"Honest" decision systems
Saari at aol.com
Saari at aol.com
Thu Apr 10 15:51:42 PDT 1997
Awhile back you asked me for more info on Second Place Auction and on Median
Voting. Each of these has the desirable property that the exactly "honest"
behaviour is also the most rational behavior. In other words, there is zero
incentive to exaggerate.
In a standard sealed-bid auction, there is an incentive to try to bid less
than your true value. For instance, let's say the item is worth spending up
to $100 (to you), and you believe the next higher bidder is unwilling to
spend more than $80. Then a lower bid of $90 instead of $100 will save you
$10 (assuming your info was accurate).
In "Second Place Auction", the auction rules state that the highest bidder
wins, but only pays the amount of the next highest bid. Weird, but it has a
desirable result of virtually guaranteeing high but honest bids. For
instance, let's say again that the item is worth (to you) spending any amount
up to $100 but no more. Under Second Place Auction, a bid of exactly $100 is
the ONLY rational choice. Bidding higher can never do any good (and risks
buying the item for more than your upper limit). But bidding lower can also
never do any good! It won't save you any money, and it might cost you a
valid opportunity to get the item for $95 or whatever.

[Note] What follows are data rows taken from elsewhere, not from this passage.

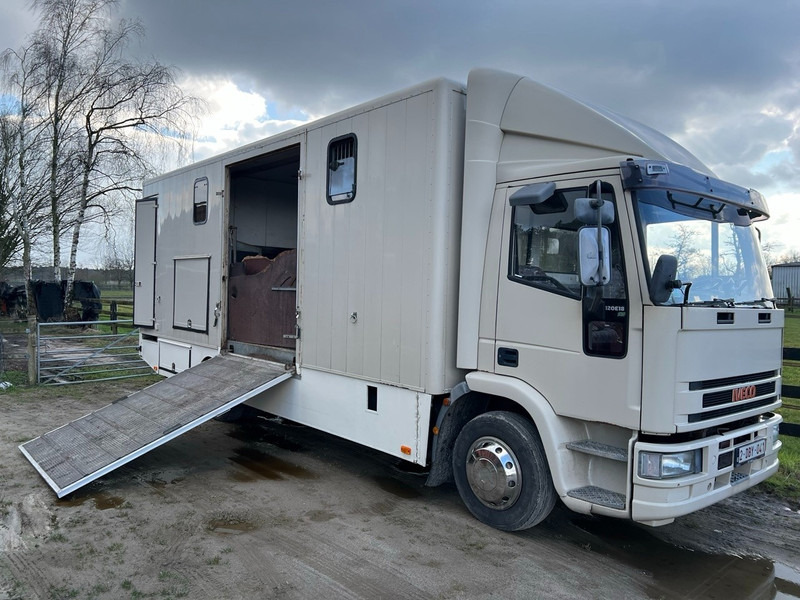 Iveco 120E18 - 3 HORSES - MANUAL - STEEL SUSPENSION - Camion chevaux: photos 1 Iveco 120E18 - 3 HORSES - MANUAL - STEEL SUSPENSION - Camion chevaux: photos 1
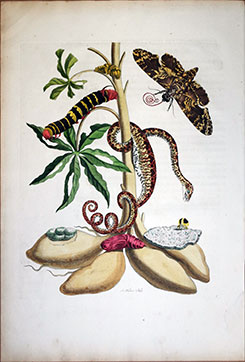 Maria Sibylla Merian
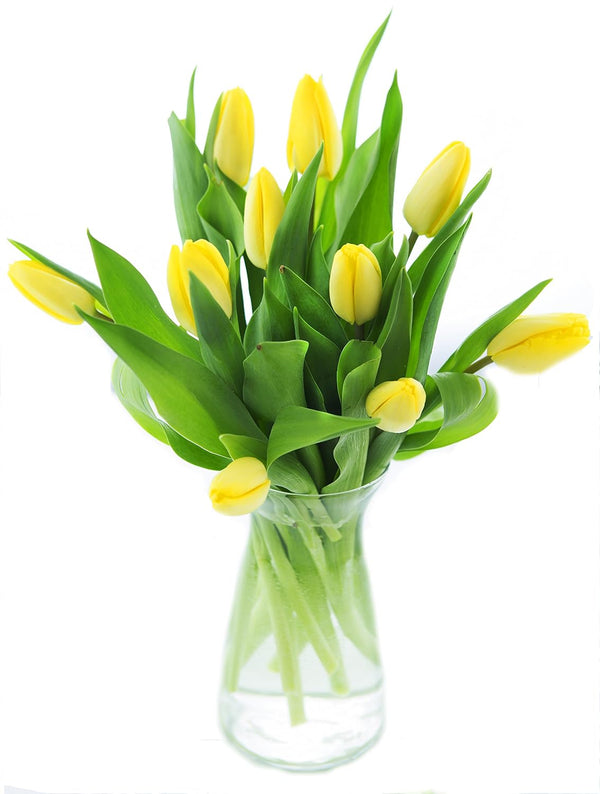 Blooms2Door - Bouquet of 10 Yellow Tulips (Farm-Fresh) with Vase - Fresh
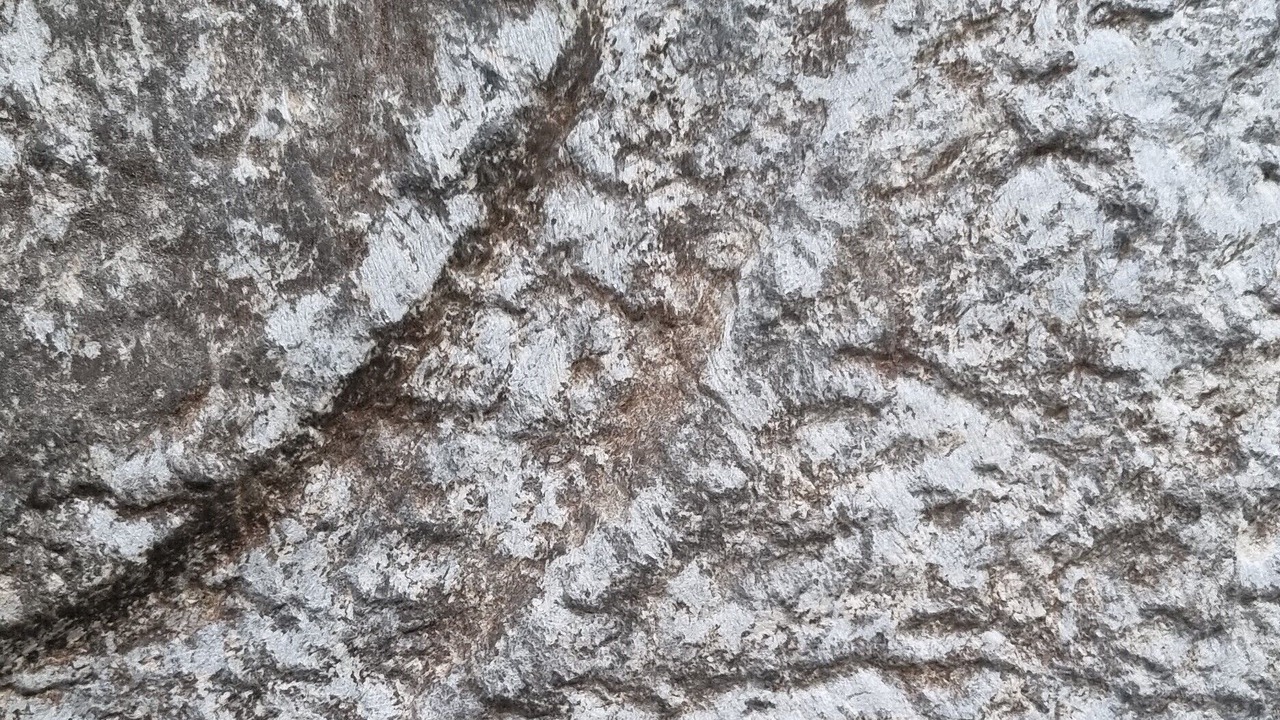 Photo of Outdoor in Cortinaccia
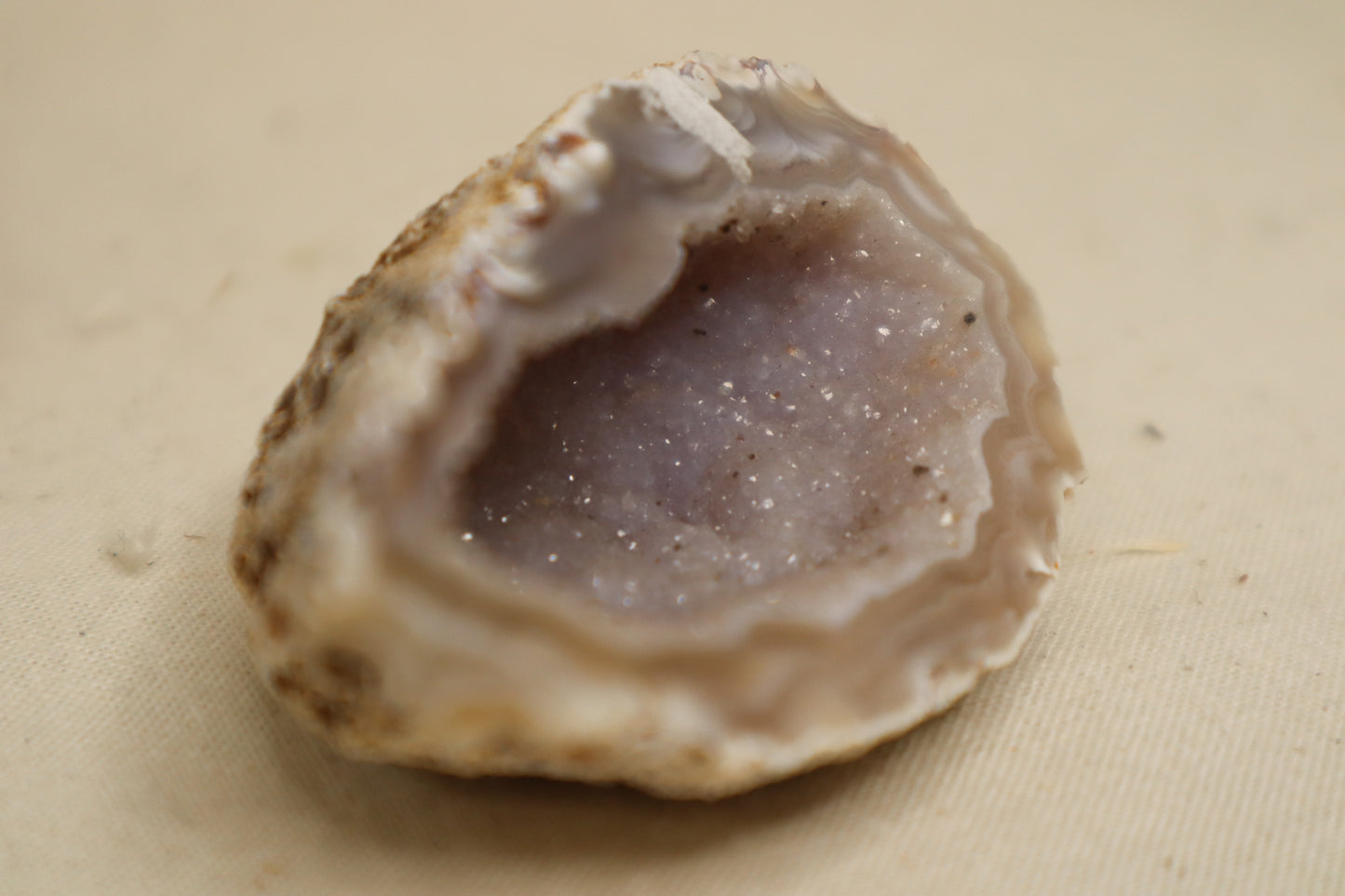 PETITE GEODE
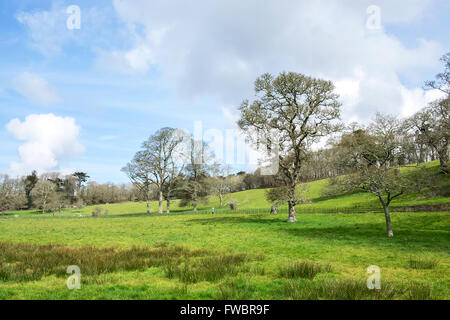 Penrose Estate in der Nähe von Helston in Cornwall, Großbritannien Stockfoto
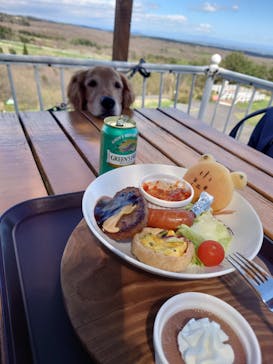 那須どうぶつ王国に投稿された画像（2024/4/25）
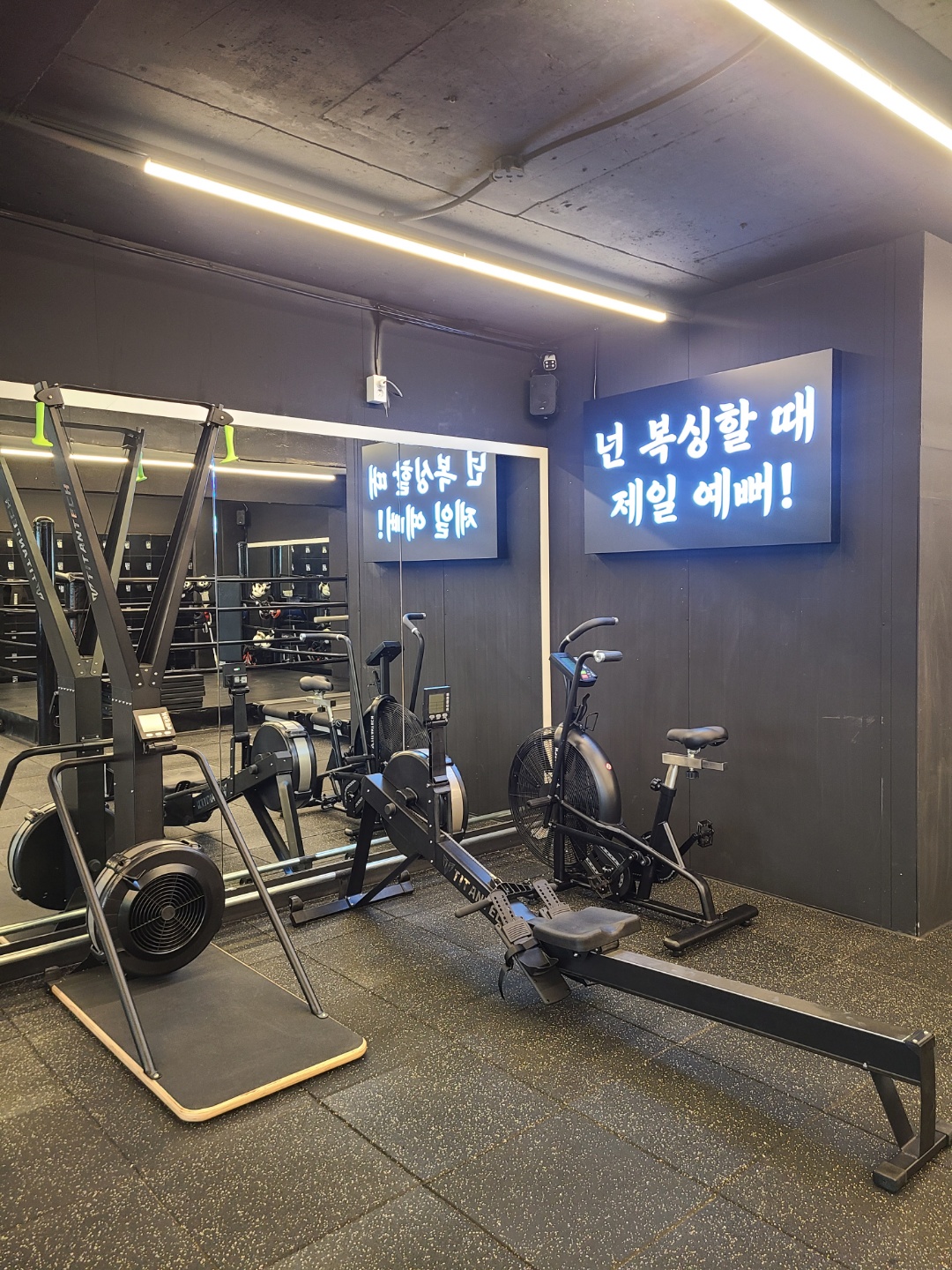서울 구로구 경인로43길 복싱체육관 한국체대 복싱 내부 모습 4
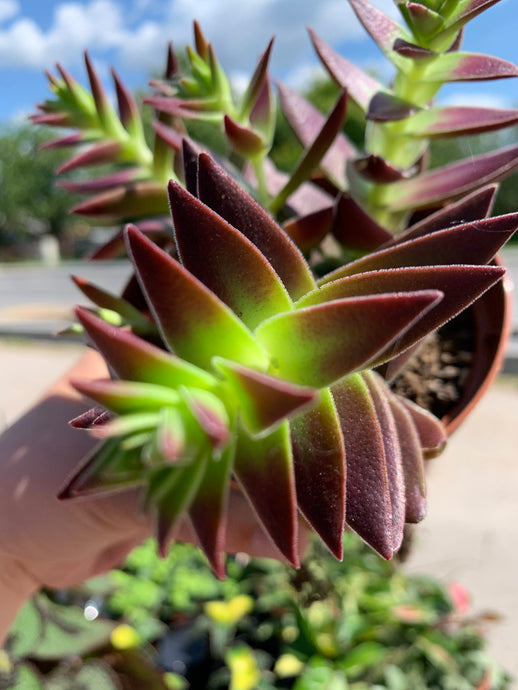 Crassula capitella Thyrsiflora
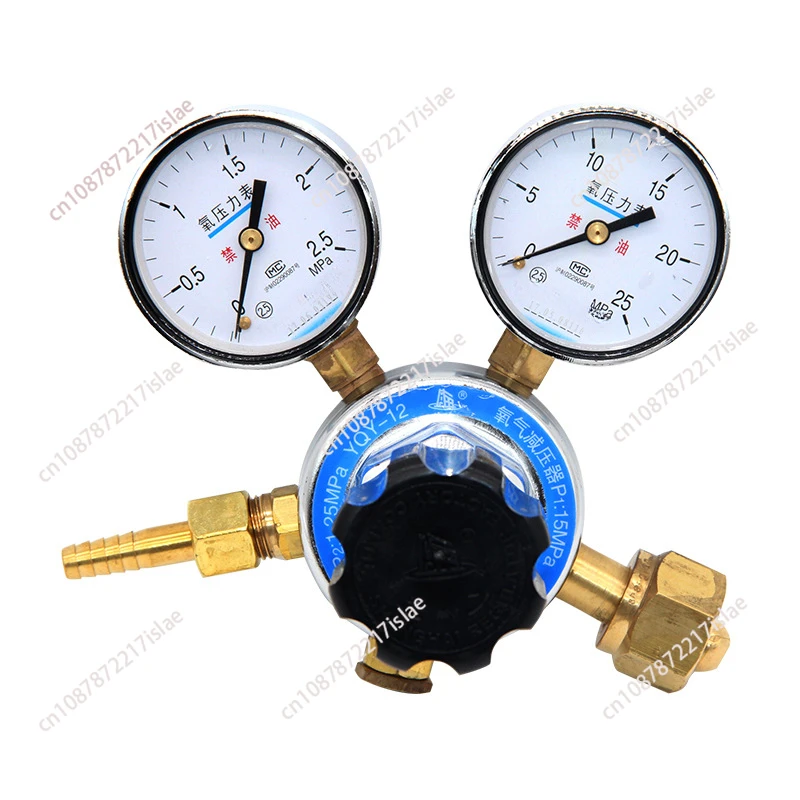 Oxygen Pressure Reducing Valve Gas Pressure Regulator YQY-12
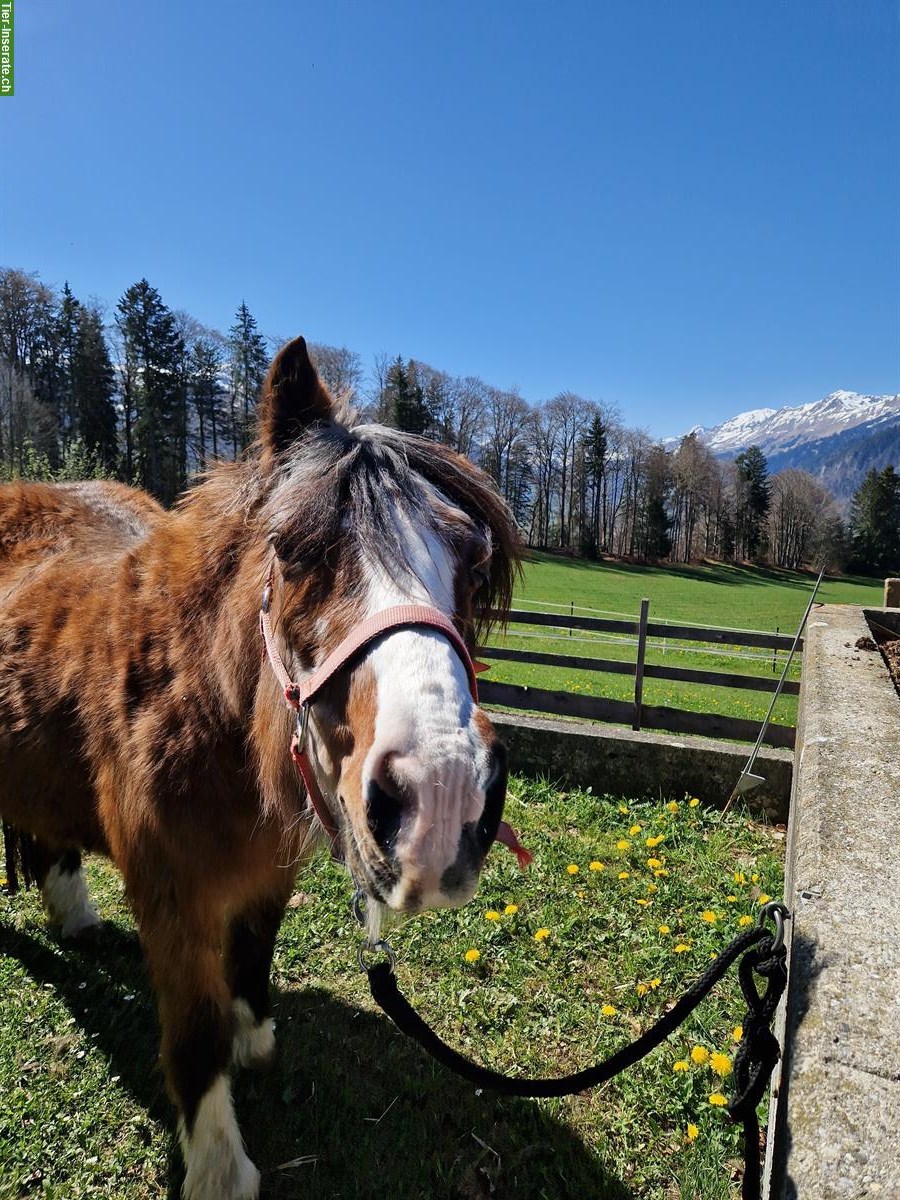 Bild 3: Liebe Pony Stute sucht ein neues Zuhause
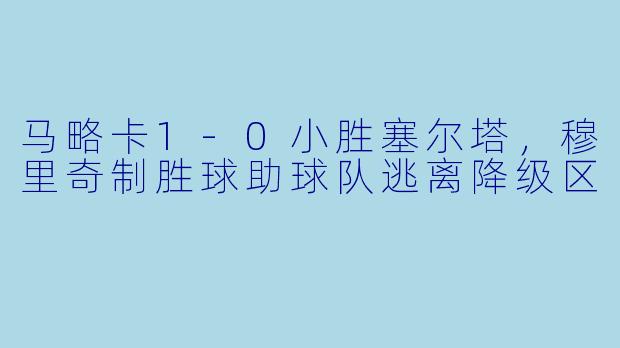 马略卡1-0小胜塞尔塔,穆里奇制胜球助球队逃离降级区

If you're not convinced I can elaborate further, but the final result is
clearly that Second Place Auction practically forces the participants to make
"honest" bids, i.e. the maximum they are willing to pay.
"Median Voting" is a separate situation, but with the similar quality of
more-or-less forcing an honest response. Let's say a group of people is
trying to choose a number, such as the temperature of the room. The prior
agreement is that everybody picks a single number, and the "median" value
will be chosen. (This means that if there are 21 voters, the votes are
ordered and then the number in position number 11 is the winner.)
This method has the desirable quality that the "honest" vote is always the
most rational one. Even if a person has foreknowledge of the votes of some
or all of the other voters, there is never anything to be gained by
exaggerating in either direction. (Try it!)
Both of these methods have the desirable property that an "honest" response
is the only rational response. I haven't figured out how to adapt either of
these to general-purpose voting, but they inspire me to try.